Sebbene non fosse ancora intaccata dall’esperienza, la faccia di Angus non aveva nulla d’amorfo o d’incompiuto; i lineamenti erano impeccabili, la carnagione chiara e sana. Tutti i Bridgeman avevano grossi nasi diritti e mascelle sporgenti; ma in Angus quell’aria di severità era addolcita da una bocca tenera e gaia. Le mani erano ammirevoli, cariche di forza latente; i capelli di un bruno scuro sfumato di rosso cadevano pesanti, all’altezza delle spalle, sulla tunica bianca come la panna. Demetrios non ricordava dì averlo mai visto prima, insieme a Steven Bridgeman, la cui morte, ricordava, era stata circondata da sommesse voci di avvelenamento; ma la morte di un aristocratico famoso suscitava inevitabilmente dicerie del genere, nella Città Esterna. A quindici anni, Angus doveva essere stato già bello quanto adesso; forse era stato un giorno in cui Demetrios si era sentito acido, senza amore per la folla, e aveva desiderato che gli ascoltatori se ne andassero già nell’istante in cui aveva cominciato a parlare… e tuttavia doveva aver parlato abbastanza bene, perché Angus lo ricordasse. — Siamo amici.

— Così sia, Angus. — Angus ritrasse le mani.

— Dovevi essere già qui, allora, quando mio zio fu assassinato. Nell’Anno Tre… venticinque anni prima della mia nascita. La politica… è uno schifo.

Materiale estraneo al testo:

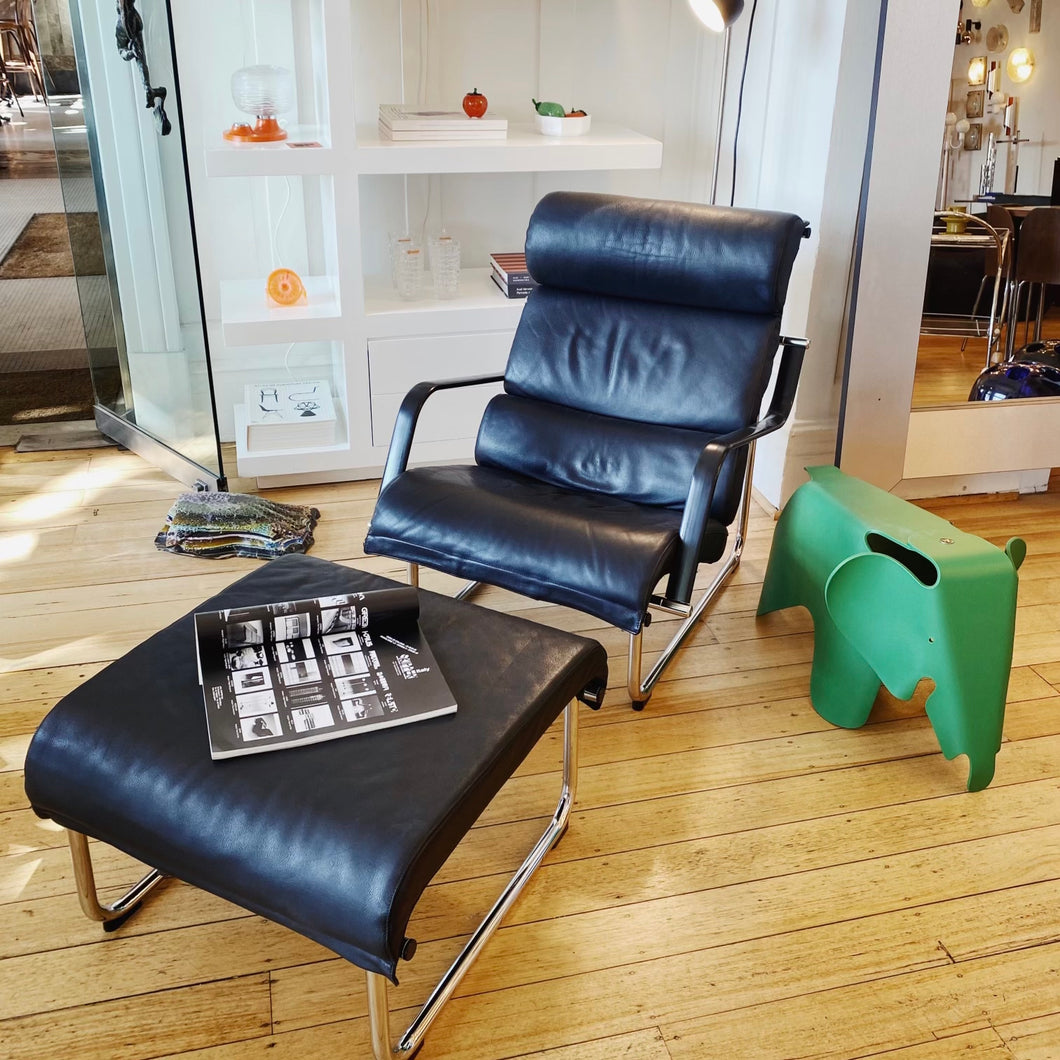 YRJÖ KUKKAPURO / 1970’s Remmi Black Leather Lounge chair + Ottoman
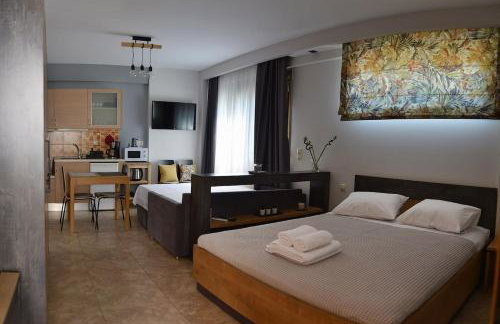 Quiet Urban Studio with Private Backyard - Foto 1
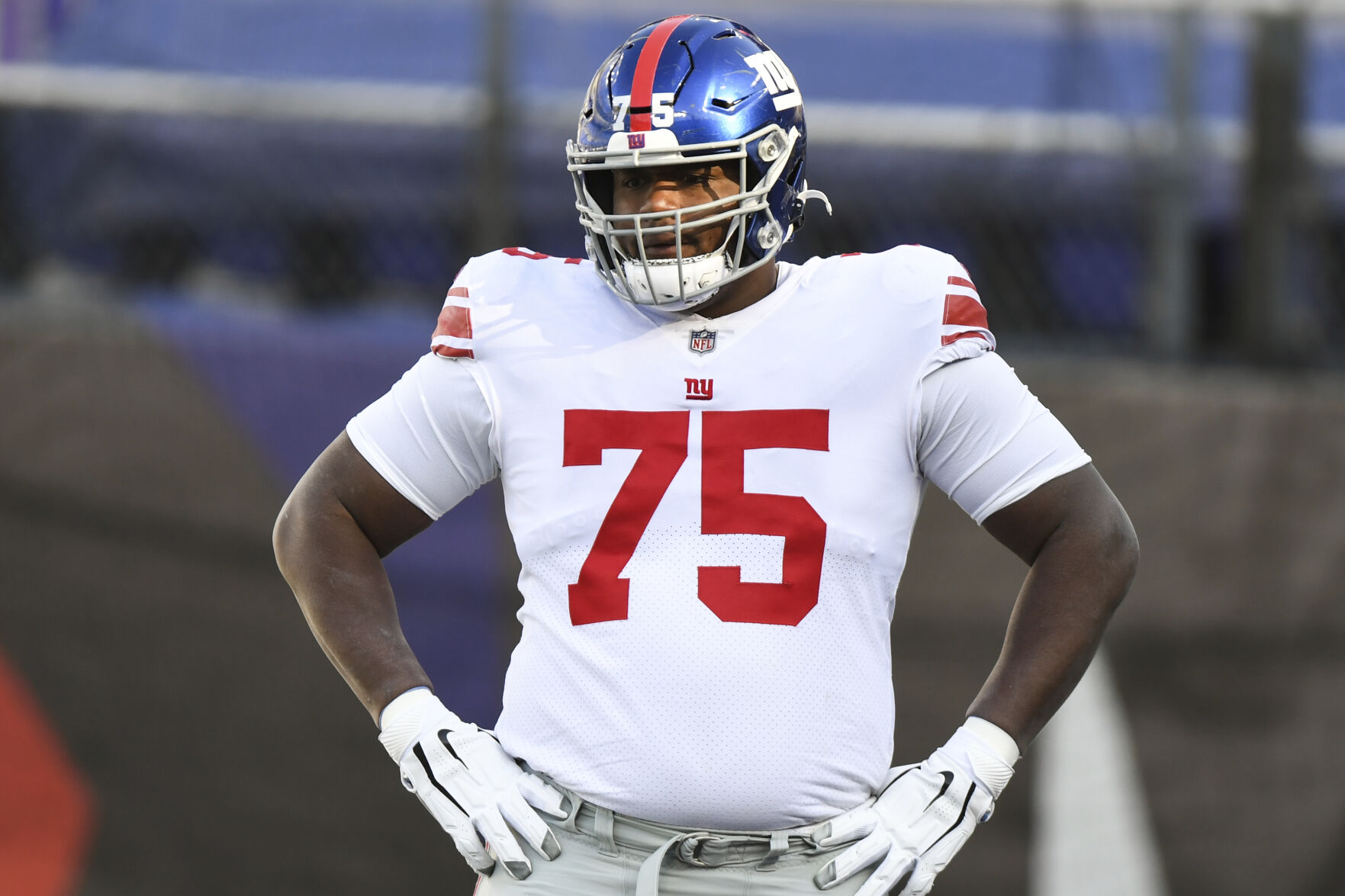Broncos sign veteran Cameron Fleming to compete for starting right tackle spot, per report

— L’Anno Tre, sì. Non ero sulla piazza del mercato, quando accadde. La comunità, qui, considerava Simon Bridgeman il suo capo… Eravamo un migliaio, allora, e molti altri continuavano ad arrivare. Rimanemmo molto demoralizzati. C’erano stati, vedi, tutti i sogni e le speranze che gli esseri umani nutrono dopo essere sopravvissuti a un errore atroce. Avremmo fatto finalmente tesoro dell’esperienza, avremmo costruito un nuovo mondo alla luce della ragione e della giustizia, e così via. E poi il capo che ammiriamo e amiamo viene massacrato sulla piazza del mercato da tre sicari armati di coltelli, e non sappiamo più cosa fare. Non sapevamo, e meno ancora potevamo provarlo, chi avesse assoldato gli assassini, se pure qualcuno l’aveva fatto. Avevano agito di loro iniziativa, disse Brian, che era stato un oscuro collaboratore di Simon, e prima della guerra era stato il suo avvocato. Erano fanatici pieni di rancore, disse Brian.

— C’era folla, no?

— Sì, una piccola folla s’era raccolta sulla piazza del mercato per ascoltare Simon che spiegava un nuovo sistema di tasse L’assassinio fu commesso in modo esperto, Angus. Prima che la gente avesse capito quello che era successo, i tre uomini erano già in periferia, e poi si perdettero nei boschi. Ma tutto questo devi già saperlo.